[PATCH v2][makedumpfile] Fix a data race in multi-threading mode (--num-threads=N)
Tao Liu
ltao at redhat.com
Tue Jul 1 22:03:01 PDT 2025
Hi Kazu,
On Wed, Jul 2, 2025 at 4:52 PM HAGIO KAZUHITO(萩尾 一仁) <k-hagio-ab at nec.com> wrote:
>
> Hi Tao,
>
> On 2025/07/02 13:36, Tao Liu wrote:
> > Hi Kazu,
> >
> > On Wed, Jul 2, 2025 at 12:13 PM HAGIO KAZUHITO(萩尾 一仁)
> > <k-hagio-ab at nec.com> wrote:
> >>
> >> On 2025/07/01 16:59, Tao Liu wrote:
> >>> Hi Kazu,
> >>>
> >>> Thanks for your comments!
> >>>
> >>> On Tue, Jul 1, 2025 at 7:38 PM HAGIO KAZUHITO(萩尾 一仁) <k-hagio-ab at nec.com> wrote:
> >>>>
> >>>> Hi Tao,
> >>>>
> >>>> thank you for the patch.
> >>>>
> >>>> On 2025/06/25 11:23, Tao Liu wrote:
> >>>>> A vmcore corrupt issue has been noticed in powerpc arch [1]. It can be
> >>>>> reproduced with upstream makedumpfile.
> >>>>>
> >>>>> When analyzing the corrupt vmcore using crash, the following error
> >>>>> message will output:
> >>>>>
> >>>>> crash: compressed kdump: uncompress failed: 0
> >>>>> crash: read error: kernel virtual address: c0001e2d2fe48000 type:
> >>>>> "hardirq thread_union"
> >>>>> crash: cannot read hardirq_ctx[930] at c0001e2d2fe48000
> >>>>> crash: compressed kdump: uncompress failed: 0
> >>>>>
> >>>>> If the vmcore is generated without num-threads option, then no such
> >>>>> errors are noticed.
> >>>>>
> >>>>> With --num-threads=N enabled, there will be N sub-threads created. All
> >>>>> sub-threads are producers which responsible for mm page processing, e.g.
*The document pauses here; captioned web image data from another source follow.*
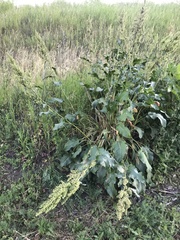 Rumex patientia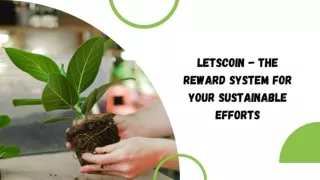 Letscoin - The reward system for your sustainable Efforts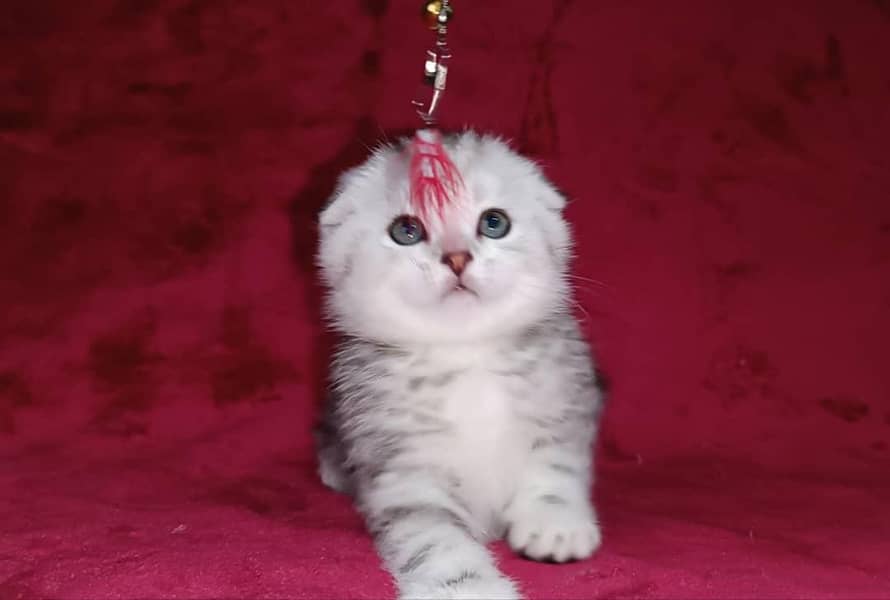 Scottish fold 3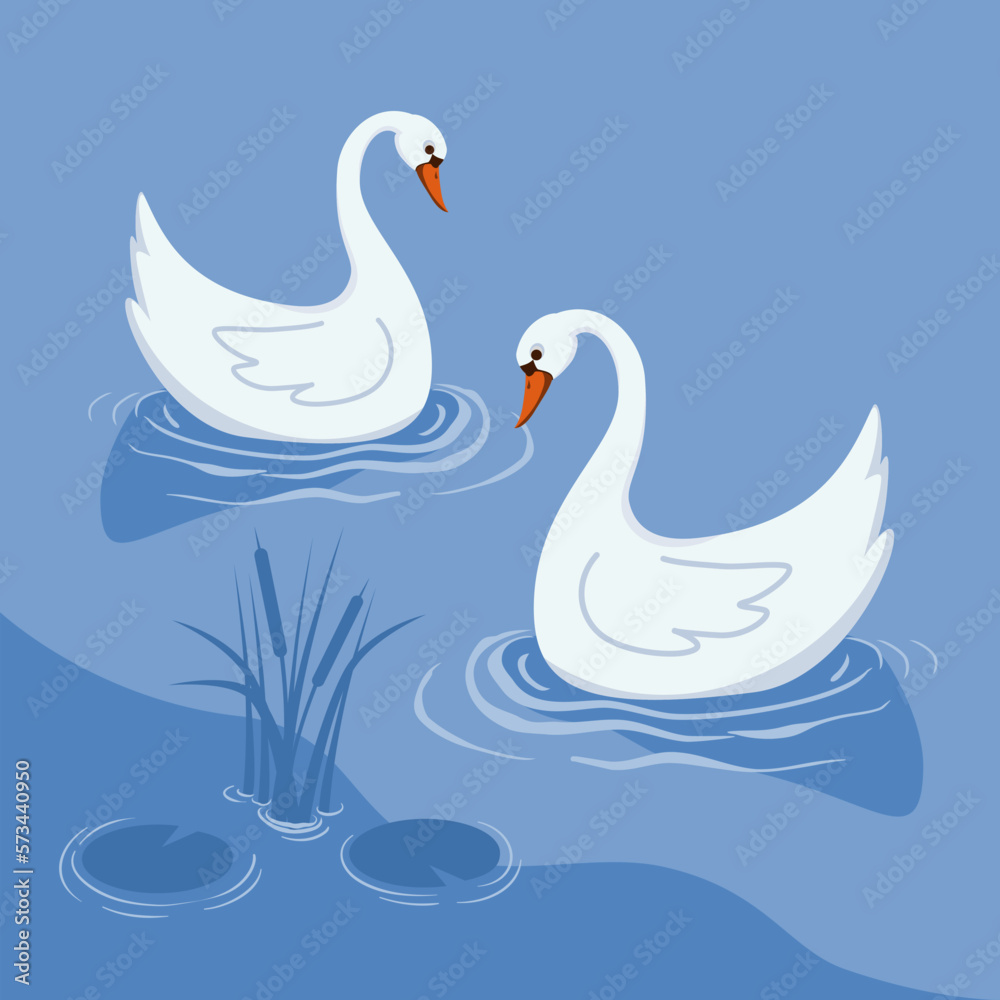 Fototapeta premium Two white swans on the blue lake. Flat design. Animal illustration.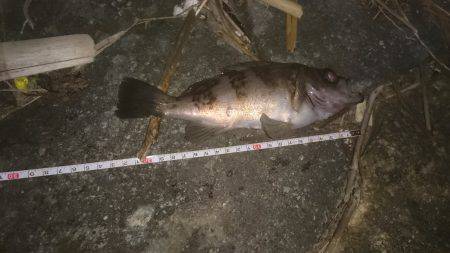 激渋メバリング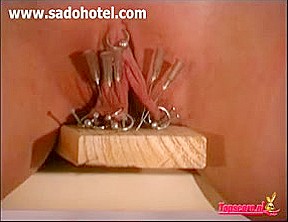 Villein cum-hole nailed on wood with needles and nails 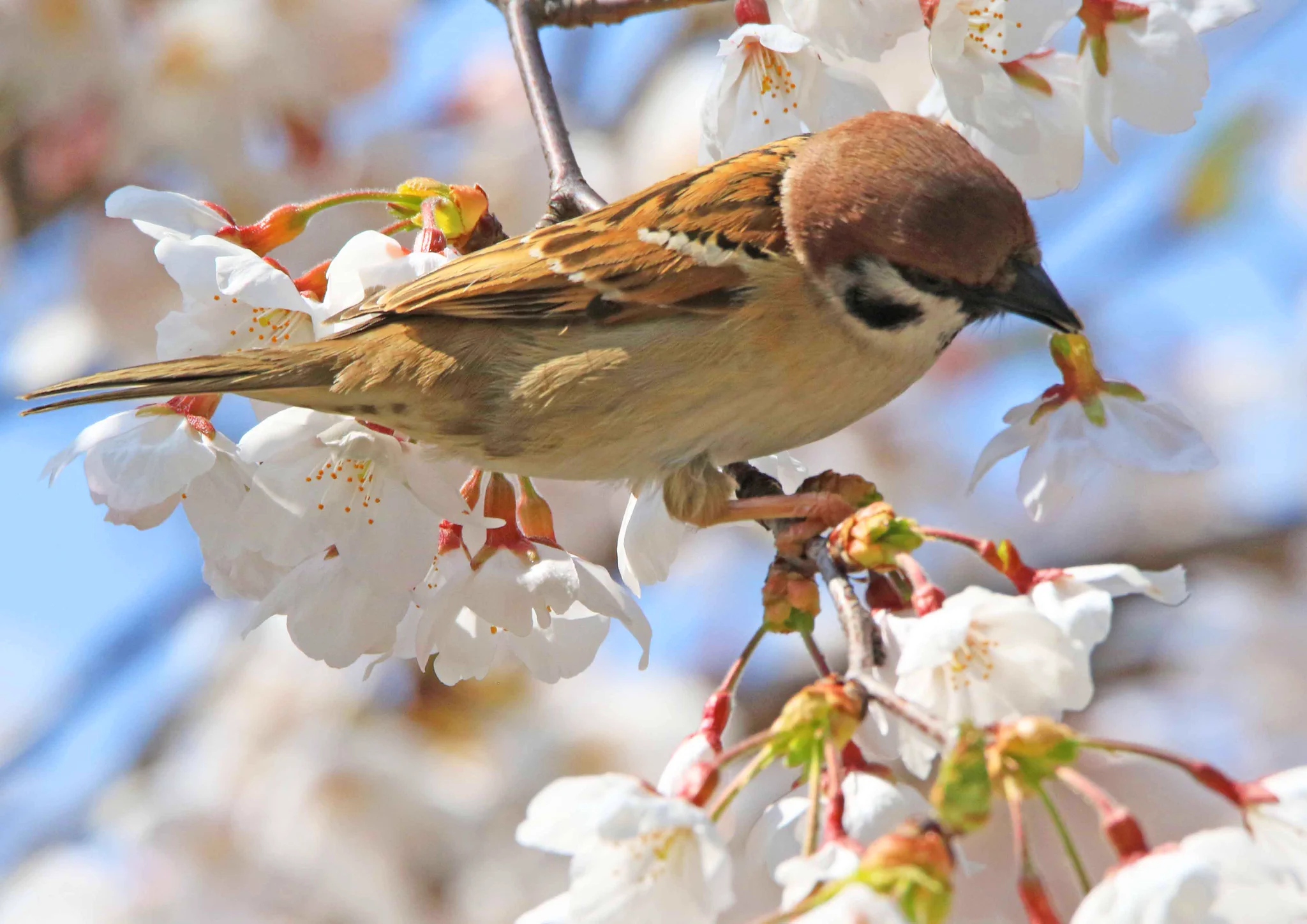 桜がぽとりと落ちている理由！スズメが美味しい蜜を上手に吸っているからだったw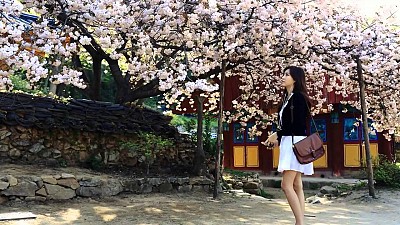 Du Lịch Hàn Quốc Mùa Nào Đẹp Nhất? Du Lịch Hàn Quốc Mùa Nào Đẹp Nhất?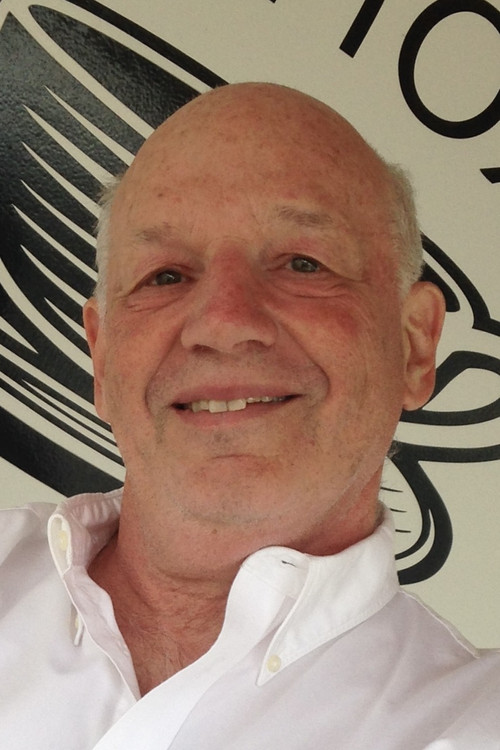 Stephen Glantz as Mr. Avalle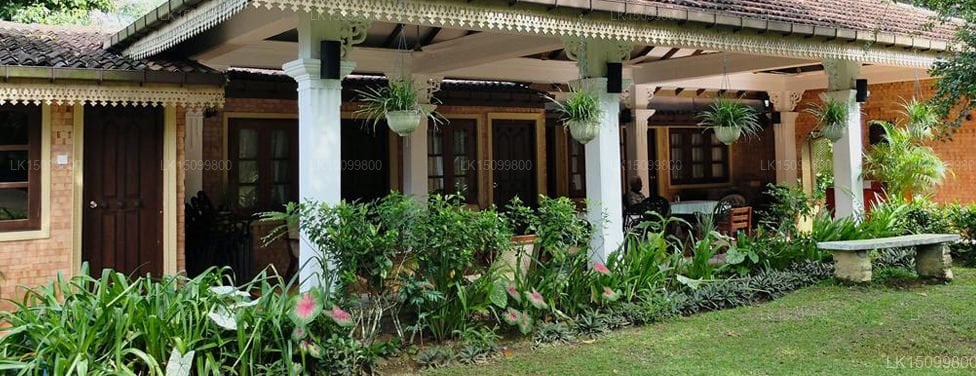 Plantation Villa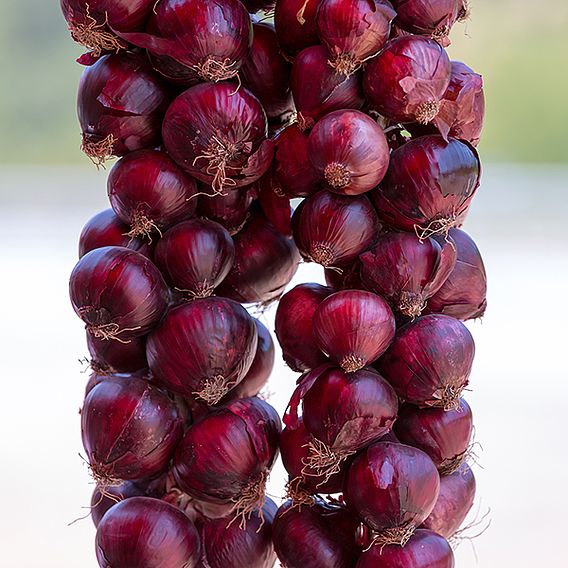 Onion 'Redrover' F1 - Seeds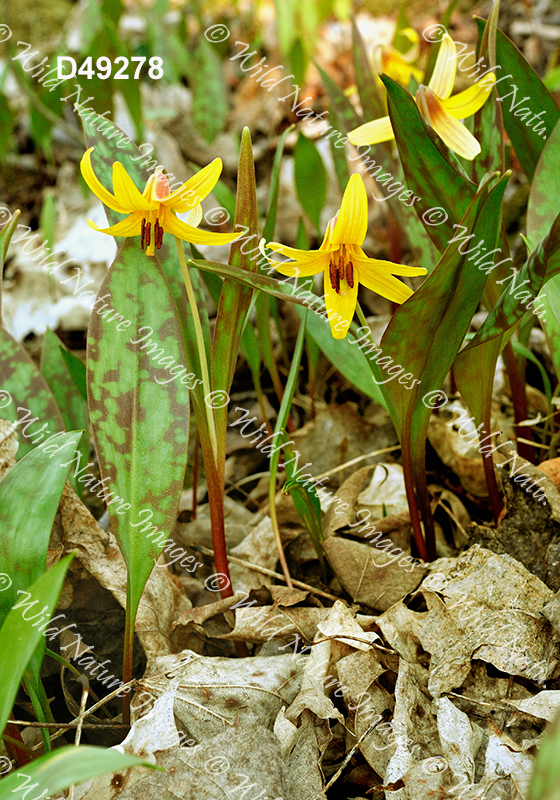 Yellow Trout Lily (Erythronium americanum)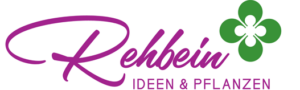 Blumen Rehbein - Blumengeschäft in Weinstadt Endersbach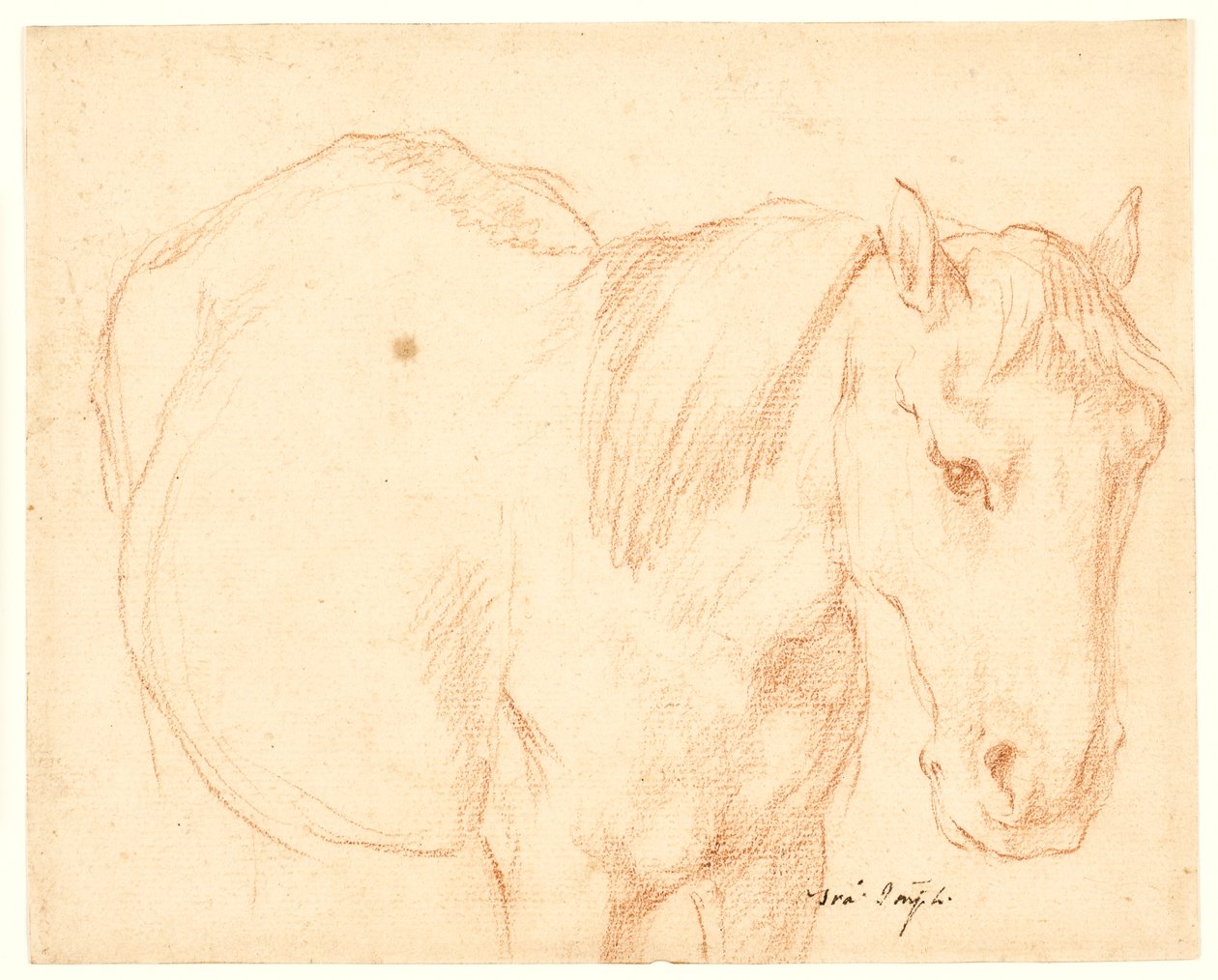 Un cavallo da Francesco Fernandi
> >>>>> compression. The main thread is the consumer which responsible for
> >>>>> writing the compressed data into file. page_flag_buf->ready is used to
> >>>>> sync main and sub-threads. When a sub-thread finishes page processing,
> >>>>> it will set ready flag to be FLAG_READY. In the meantime, main thread
> >>>>> looply check all threads of the ready flags, and break the loop when
> >>>>> find FLAG_READY.
> >>>>
> >>>> I've tried to reproduce the issue, but I couldn't on x86_64.
> >>>
> >>> Yes, I cannot reproduce it on x86_64 either, but the issue is very
> >>> easily reproduced on ppc64 arch, which is where our QE reported.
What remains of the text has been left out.